**AIM OF THE EXERCISE:** Only the lines from the one bearing "laundry area with" through the end of the entries should be output, exactly as they stand, and pictures should be skipped.

Captioned web image data
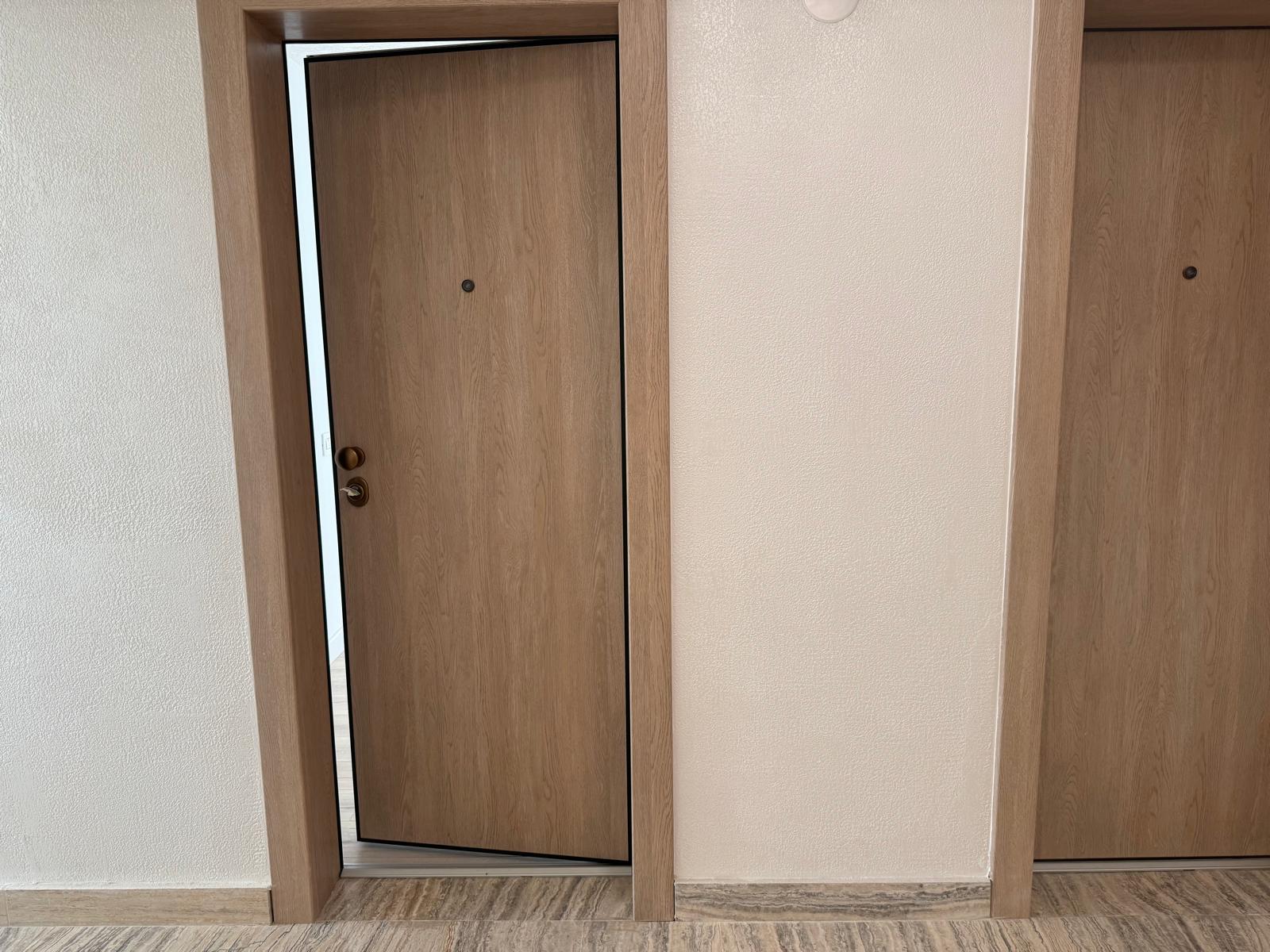 Zonă de tranzit open-space spre living, pereți albi minimaliști și parchet continuu
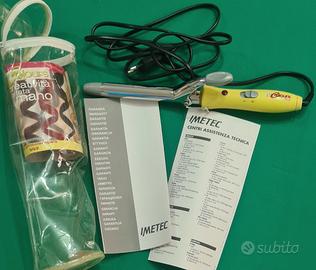 Ferro arricciacapelli e scaldacera con cera nuova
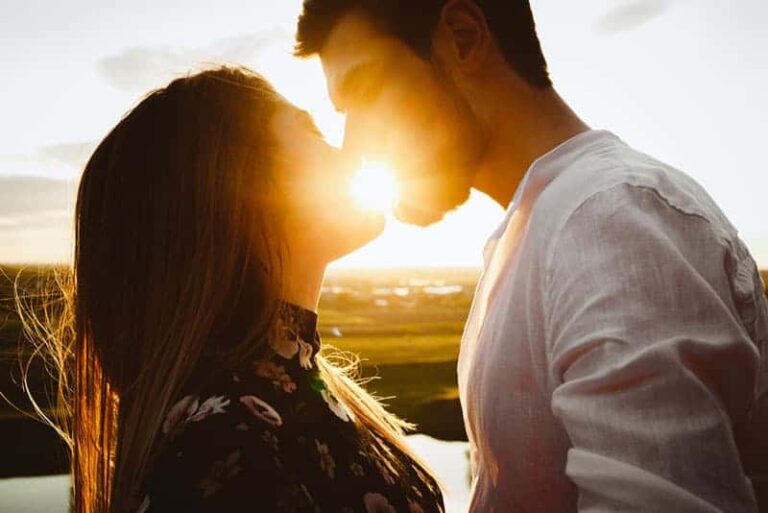 pareja besándose durante la puesta de sol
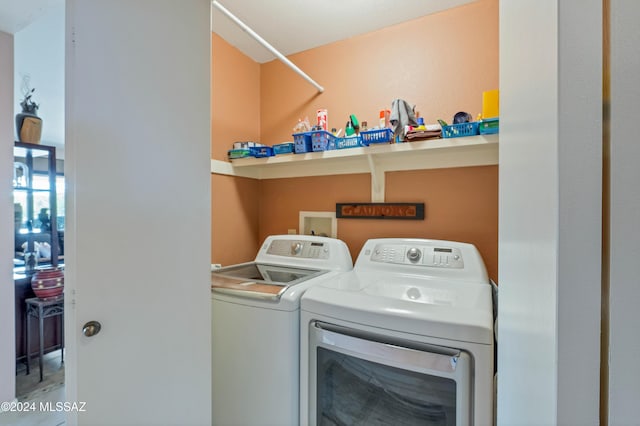 laundry area with independent washer and dryer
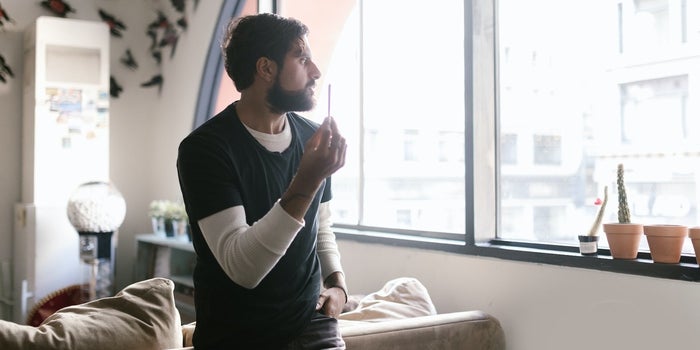 A picture of a young man holding a joint and contemplating what to do.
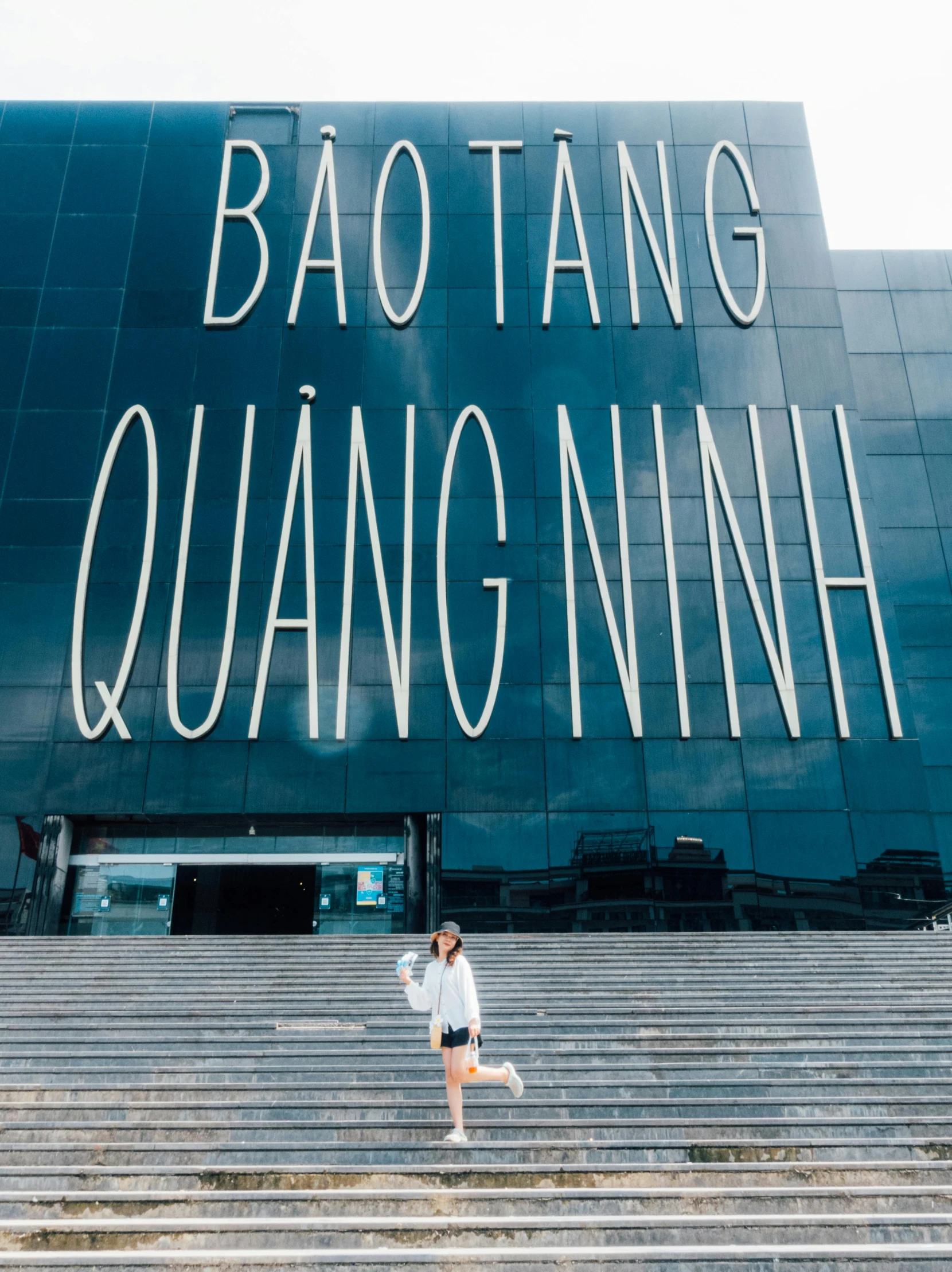 a young woman standing on a step of some steps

**RESULT BELOW:**
 laundry area with independent washer and dryer
 A picture of a young man holding a joint and contemplating what to do.
 a young woman standing on a step of some steps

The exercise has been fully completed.